Rand 2011 Bayesian Analysis

This notebook outlines how to begin the duplication the analysis of the Rand et al. 2011 study "Dynamic social networks promote cooperation in experiments with humans" Link to Paper

This notebook focuses on using a Bayesian approach. Just one example is shown. Refer to the other Cooperation Analysis notebook for the remaining regression formulas to do full replication

This notebook also requires that bedrock-core be installed locally into the python kernel running this notebook. This can be installed via command line using:

pip install git+https://github.com/Bedrock-py/bedrock-core.git

The other requirements to run this notebook are:

Step 1: Check Environment

First check that Bedrock is installed locally. If the following cell does not run without error, check the install procedure above and try again. Also, ensure that the kernel selected is the same as the kernel where bedrock-core is installed


In [ ]:
from bedrock.client.client import BedrockAPI

Test Connection to Bedrock Server

This code assumes a local bedrock is hosted at localhost on port 81. Change the SERVER variable to match your server's URL and port.


In [ ]:
import requests
import pandas
import pprint
SERVER = "http://localhost:81/"
api = BedrockAPI(SERVER)

Check for Spreadsheet Opal

The following code block checks the Bedrock server for the Spreadsheet Opal. This Opal is used to load .csv, .xls, and other such files into a Bedrock matrix format. The code below calls the Bedrock /dataloaders/ingest endpoint to check if the opals.spreadsheet.Spreadsheet.Spreadsheet opal is installed.

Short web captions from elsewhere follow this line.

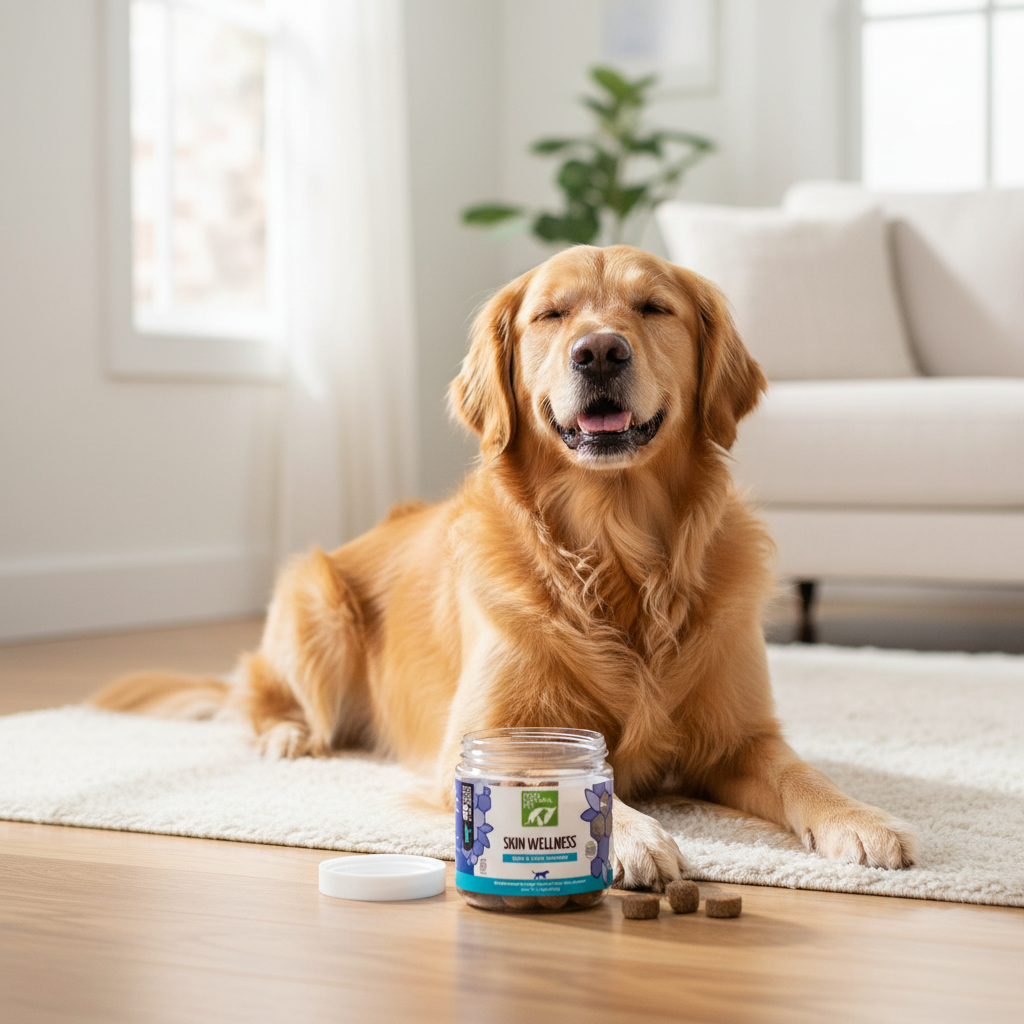 Pet with Healthy Shiny Coat After Skin Wellness Chews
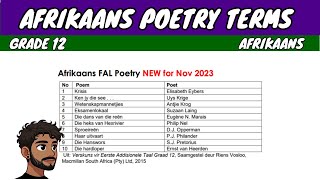 IMPORTANT Afrikaans Poetry Terminology Grade 12 Afrikaans [upl. by Genisia61]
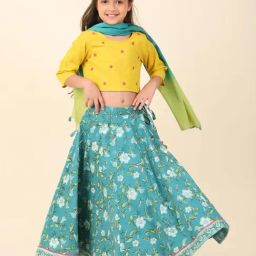 Fabindia Kids Yellow & Teal Embroidered Lehenga, Choli With Dupatta-image-86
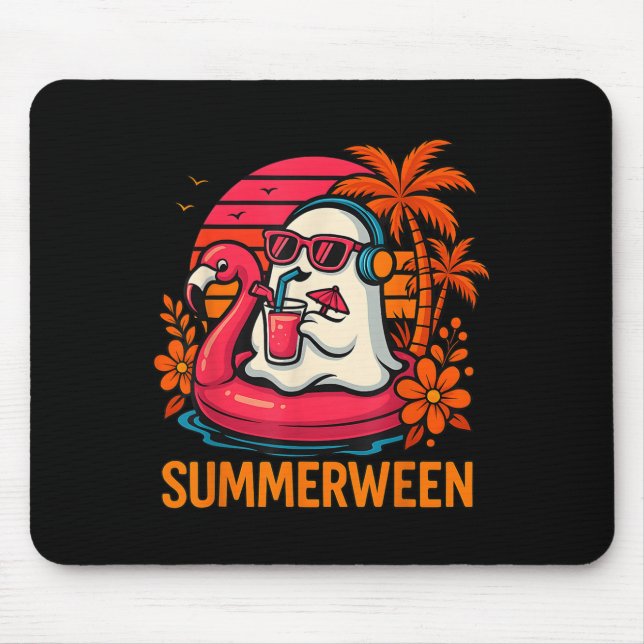Summerween Funny Ghost Halloween Summer Flamingo B Mouse Pad (Front)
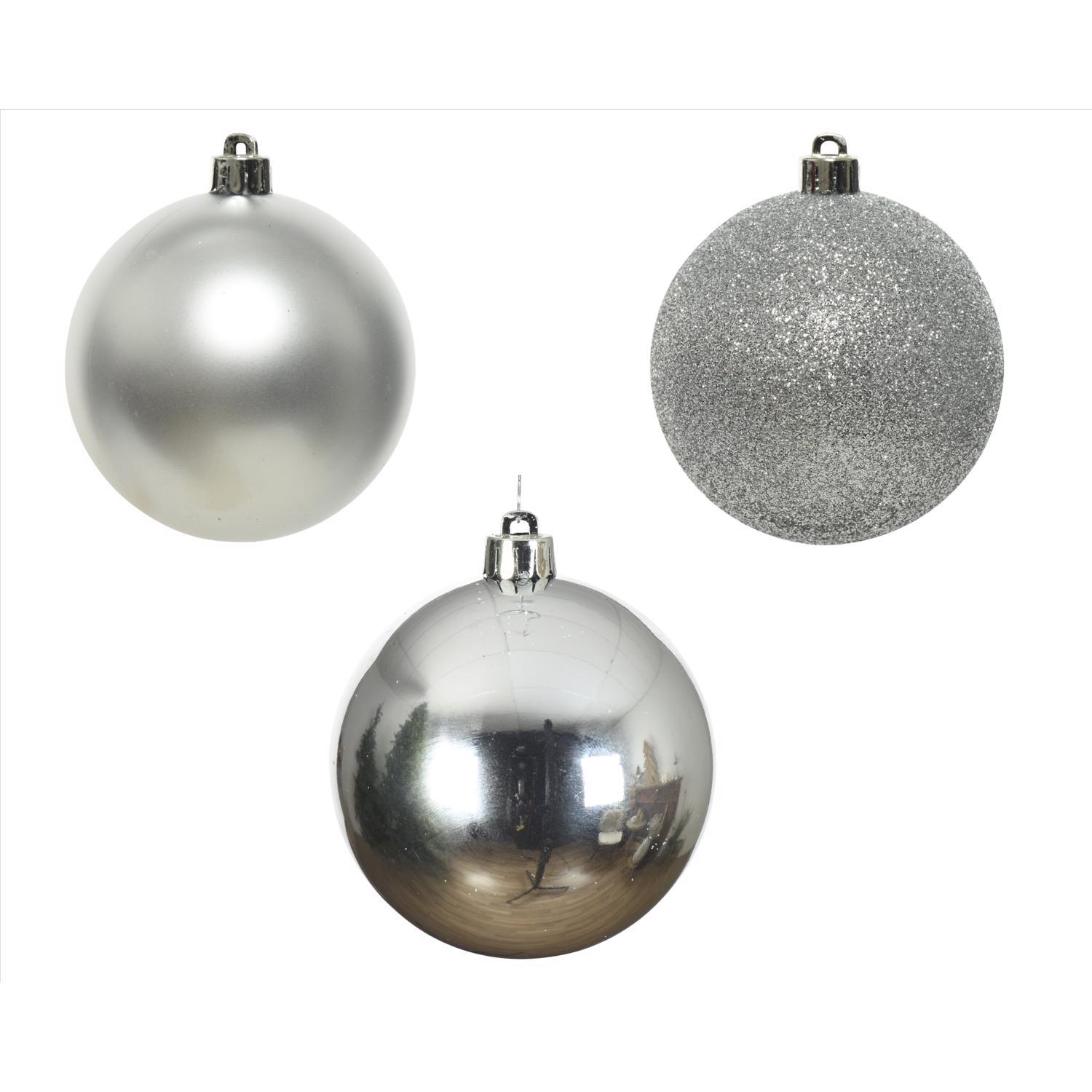 Decoris Silver Shatterproof Baubles Ornaments 2 in.
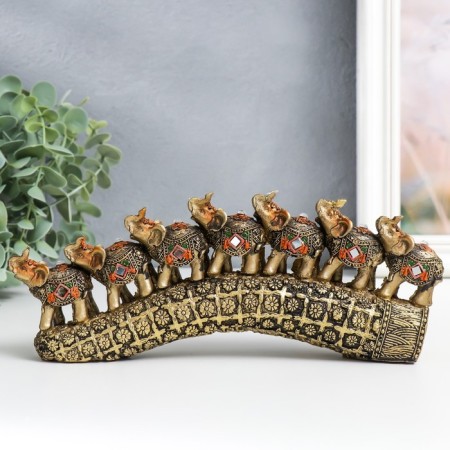 Polystone souvenir "Seven elephants on a tusk with colors" Bronze 21x4x9.8 cm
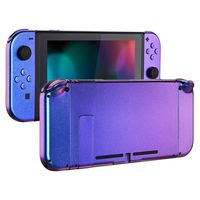 eXtremeRate Chamillionaire Glossy Back Plate for Nintendo Switch Console, NS Joycon Handheld Controller Housing with Full Set Buttons, DIY Replacement Shell for Nintendo Switch - Chameleon Purple Blue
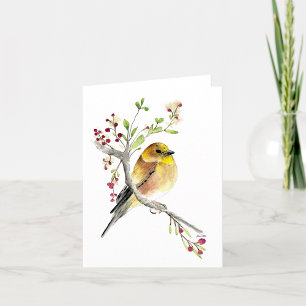 Cartão de Nota de Linda Cor de Água Goldfinch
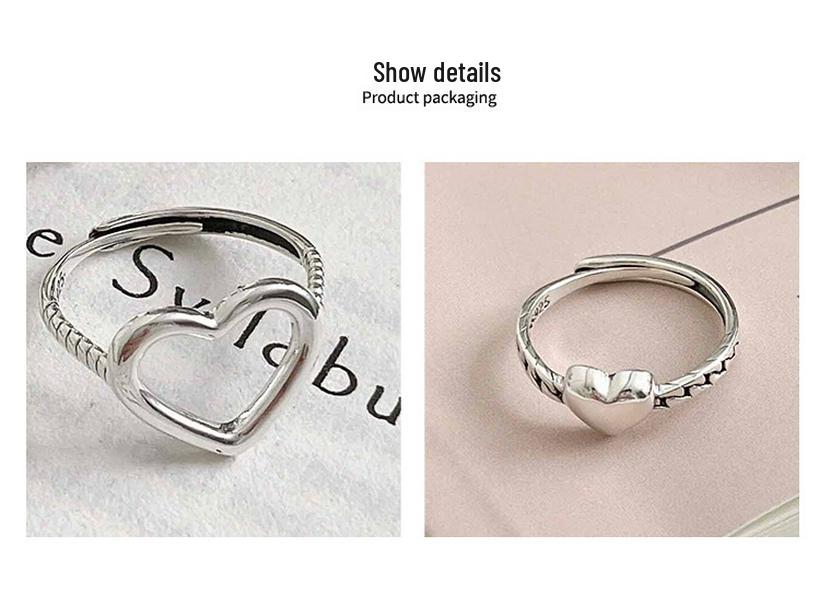Yinruitai s925 Стерлинговое серебро Полое сердце Штабелируемые Корейский тренд Женские парные кольца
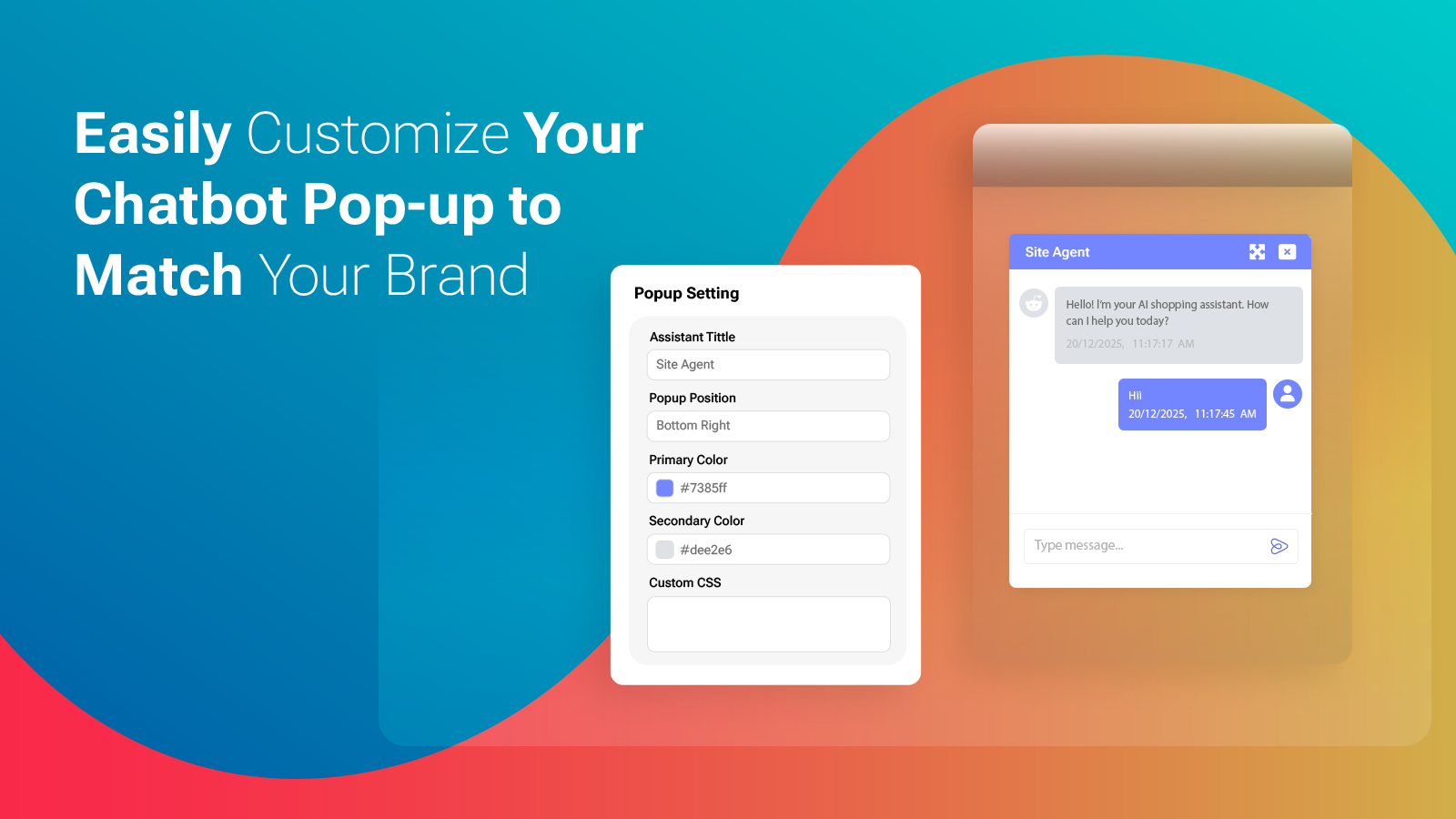 Customize chatbot popup design to match your store brand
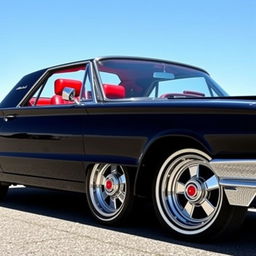 A 1965 black Ford Thunderbird hotrod muscle car, showcasing its sleek, bold lines and powerful stance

If the code below shows the Opal is not installed, there are two options:

  1. If you are running a local Bedrock or are the administrator of the Bedrock server, install the Spreadsheet Opal with pip on the server Spreadsheet
  2. If you are not administrator of the Bedrock server, e-mail the Bedrock administrator requesting the Opal be installed

In [ ]:
resp = api.ingest("opals.spreadsheet.Spreadsheet.Spreadsheet")
if resp.json():
    print("Spreadsheet Opal Installed!")
else:
    print("Spreadsheet Opal Not Installed!")

Check for STAN GLM Opal

The following code block checks the Bedrock server for the STAN GLM Opal.

If the code below shows the Opal is not installed, there are two options:

  1. If you are running a local Bedrock or are the administrator of the Bedrock server, install the Stan GLM Opal with pip on the server Stan GLM
  2. If you are not administrator of the Bedrock server, e-mail the Bedrock administrator requesting the Opal be installed

In [ ]:
resp = api.analytic('opals.stan.Stan.Stan_GLM')
if resp.json():
    print("Stan_GLM Opal Installed!")
else:
    print("Stan_GLM Opal Not Installed!")

Check for select-from-dataframe Opal

The following code block checks the Bedrock server for the select-from-dataframe Opal. This allows you to filter by row and reduce the columns in a dataframe loaded by the server.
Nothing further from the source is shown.